モスクワの都市を歩く機会は今回の旅行ではまったく与えられていない訳であるが、モスクワ空港は随分と知ることができた。まず、この空港の驚くべきところは座るところが極端に少ないということである。そのために、階段に座っている人達が多い。廊下とかに絨毯を敷いたり、飛行機で配られる毛布を敷いたりして、廊下で横になって休んでいる人達もいる。まるで新宿駅西口のホームレスのようである。そして、恐ろしくスペースが狭い。こんなに国土は大きいのに、このモスクワ空港のスペースの狭さはなんなんだ。こんなところで5時間つぶすのは辛いな、せめて座りたい、と思ってうろうろしていると、建設工事中の通関で待っている人達がいることに気付いた。工事中なのだが、椅子が置かれている。しかも電源もあるので、コンピューターを充電できる。
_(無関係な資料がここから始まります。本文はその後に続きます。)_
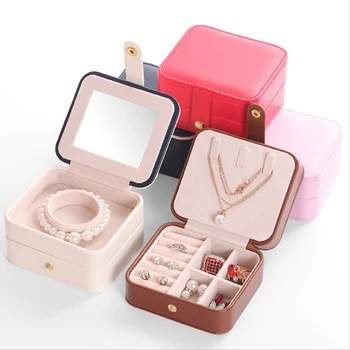 

Portable Jewelry Box Women Travel Jewellery Organizer Case PU Leather Jewelry Ring Earring Necklace Storage Box Birthday Gift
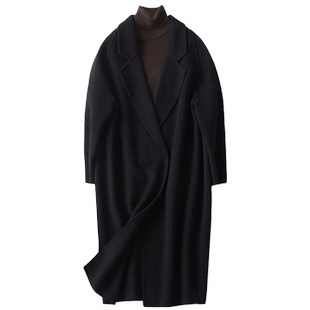 双面羊绒大衣女中长款高端2025春季新款黑色羊毛呢子外套茧型大码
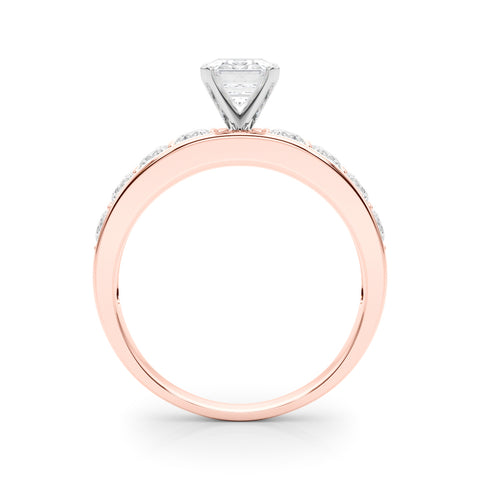Rose gold Radiant Cut Channel Set Diamond Engagement Ring with Four-Prong Setting 1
持ち物検査の機械が置かれていて机もあるので、ここで待ち、コンピューターも充電する。立ち入り禁止を示唆するような赤いテープが貼られているが、注意されるまでいようと無視して入る。結局、注意されないで済んだ。

空港内で気付いたことといえば、喫煙者がすこぶる多いということだ。アエロフロートは今でも喫煙が機内で許されているようだが、これだけ喫煙者が多いと禁煙にすることは難しいのかもしれない。あと、空港内の店ではユーロが使えたりしたが、レストランではクレジット・カードが使えないようであった。アメリカ人が怒っており、私にも怒りを共有してもらいたかったようで文句を言ってきたが、まあ、そうそう自分のルールは通用しない。しかし、まあまあ英語が通用するので基本的な用は足せる。とはいえ、初めて訪れたロシアは、空港であったがちょっと不思議な印象を与えた。チェコのプラハの中央駅なんかと似たような印象で、非効率、公共空間であるのに欠落する快適性などである。ここらへんは、社会主義が崩壊した後、徐々に改善されていくのであろうか。モスクワには機会があればまた是非とも訪れたいとの気持ちをもたせたが、この空港は決して好きになれなかった。何か社会主義は人の創意工夫を発揮させないシステムだったのではないか、ということを考察させるような空港である。